冒険者と別れた後、ダンジョン周りの松明で明るい露店通りから外れて薄暗い裏通りにある買取屋に入ると、カランカラン、と入口に垂れ下がった布に付いた鈴が鳴る。
「はい、いらっしゃ‥‥‥お前かい。それ全部か?」
「マントとこれと服以外」
店主に戦利品を包んでいたマントとベルトポーチ、血濡れたシャツ以外を渡すと嫌な顔をしながら受け取った。ズボンがしょんべんで濡れて臭いからだろうけど仕方ない。漏らして死んだやつが悪い。
「防具は結構きれいだな。靴もまぁまぁ良い。全部で大銅貨3枚と銅貨2枚だな」
「うん。また来る」
「次はもっとマシなもん持ってこい」
「わかった」
店主から受け取った金の内、銅貨を2枚だけ分けて残りをチャリーン、チャリーン、と外で聞き耳を立ててる奴らに聞こえるよう音を立てながら財布に入れ、それを早速装着したベルトポーチにしまい、服とマントは、くるくる、と丸めて肩に担ぐ。

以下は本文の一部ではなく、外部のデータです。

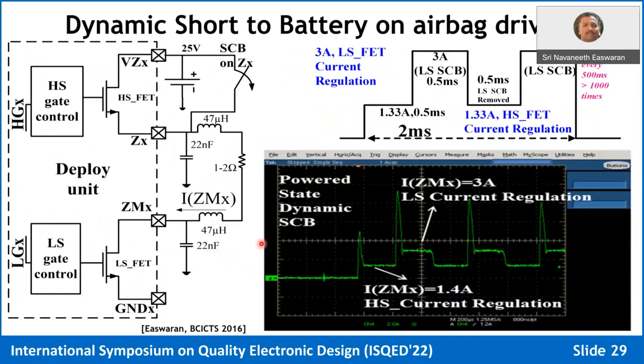Automotive ICs are exposed to several kinds of tests. Beyond short-to-ground and short-to-battery, there is the chattering load test. In an airbag application with a high-side FET and low-side FET working in tandem, the high side regulates the current while the low side is in RDS_on mode, providing a constant pulse of about 1.3–1.4 amps for 2 milliseconds. In a short-to-ground case, the loop still regulates, the current limit is stable, and the IC survives.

そして買取屋を出る直前に、ぐっ!、と身体全部に力をいれて店から飛び出し、道に出た瞬間に片足を軸に身体の向きを変えて暗闇の中を全速力で駆け出した。
「あ!?くそっ!待ちやがれ!」
「逃げんなチビガキ!!」
その一瞬後に複数人の怒声と足音が、どたどた、ぎゃーぎゃー、と追いかけてくる。
声からして相手は最近やってきたばかりの孤児集団だ。確かダンジョンで稼ごうとして失敗してからは何度か派手に盗みをしてると噂になっていた。
だから
「欲しいなら、やる」
チャリン、チャリーン、と強く音が鳴るように財布に入れず持っていた銅貨2枚を後ろ手に地面に投げつける。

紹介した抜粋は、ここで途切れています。